The choice of what to count–residues versus inter-residue positions–has significant semantic implications for coordinates. Because interbase coordinates and the corresponding 0-based residue-counted coordinates are numerically identical in some circumstances, uninitiated readers often conflate the choice of numerical base with the choice of residue or inter-residue counting. Whereas the choice of numerical base is inconsequential, the semantic advantages of interbase are significant.

When humans refer to a range of residues within a sequence, the most common convention is to use an interval of ordinal residue positions in the sequence. While natural for humans, this convention has several shortcomings when dealing with sequence variation.

For example, interval coordinates are interpreted as exclusive coordinates for insertions, but as inclusive coordinates for substitutions and deletions; in effect, the interpretation of coordinates depends on the variant type, which is an unfortunate coupling of distinct concepts.

Modelling Language

The VR collaborators investigated numerous options for modelling data, generating code, and writing the wire protocol.
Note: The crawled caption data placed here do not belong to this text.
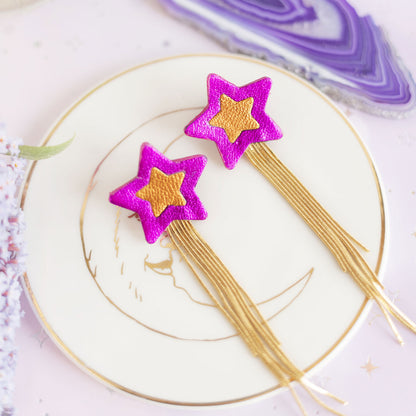 Boucles d'oreilles Comètes fuchsia et orange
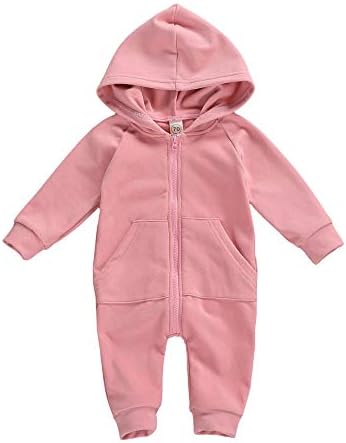 FYBITBO Infant Baby Boys Girls Clothing Zipper Hooded Jumpsuit Romper Long by FYBITBO
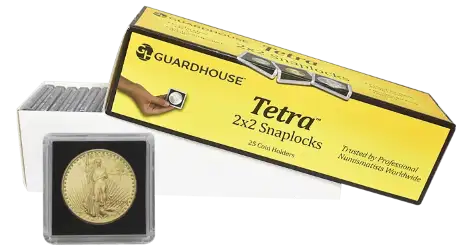 $20 Gold 2x2 Tetra Snaplock Coin Holder- 25 per pack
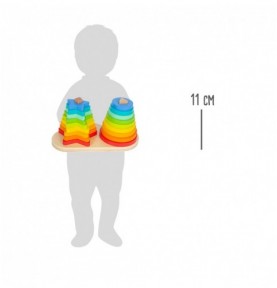 Double jeu d'empilement Arc-en-ciel Montessori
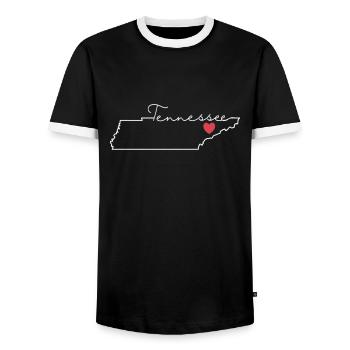 Tennessee Kartenumriss mit Herz USA Amerika - Männer Kontrast-T-Shirt - Schwarz/Weiß - Vorne - AI Model Female 172 light (172cm) & AI Model Male 178 light (178cm)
Required and desired selection criteria included:

  • language-neutral – or at least C/C++, java, python
  • high-quality tooling/libraries
  • high-quality code generation
  • documentation generation
  • supported constructs and data types
    • typedefs/aliases
    • enums
    • lists, maps, and maps of lists/maps
    • nested objects
  • protocol versioning (but not necessarily automatic adaptation)

Initial versions of the VR logical model were implemented in UML, protobuf, and swagger/OpenAPI, and JSON Schema. We have implemented our schema in JSON Schema. Nonetheless, it is anticipated that some adopters of the VR logical model may implement the specification in other protocols.

Serialization Strategy

There are many packages and proposals that aspire to a canonical form for json in many languages. Despite this, there are no ratified or de facto winners. Many packages have similar names, which makes it difficult to discern whether they are related or not (often not). Although some packages look like good single-language candidates, none are ready for multi-language use. Many seem abandoned. The need for a canonical json form is evident, and there was at least one proposal for an ECMA standard.

Therefore, we implemented our own serialization format, which is very similar to Gibson Canonical JSON (not to be confused with OLPC Canonical JSON).